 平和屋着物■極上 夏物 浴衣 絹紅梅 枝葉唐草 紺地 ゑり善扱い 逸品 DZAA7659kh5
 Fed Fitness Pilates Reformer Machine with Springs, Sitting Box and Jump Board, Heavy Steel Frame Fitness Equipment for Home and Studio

* * *

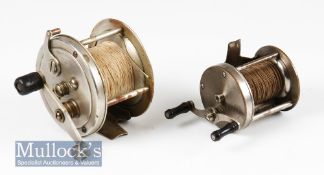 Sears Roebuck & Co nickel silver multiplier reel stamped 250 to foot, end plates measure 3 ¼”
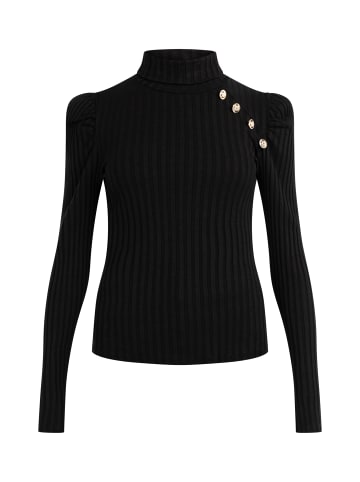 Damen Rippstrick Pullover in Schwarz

#### [Directions for this task]
The entries above hold the needed span. Transcribe exactly the lines from the one with "平和屋着物■極上 夏物 浴衣" to the one with "Fed Fitness Pilates", both included.

#### [Task solution]
 平和屋着物■極上 夏物 浴衣 絹紅梅 枝葉唐草 紺地 ゑり善扱い 逸品 DZAA7659kh5
 Fed Fitness Pilates Reformer Machine with Springs, Sitting Box and Jump Board, Heavy Steel Frame Fitness Equipment for Home and Studio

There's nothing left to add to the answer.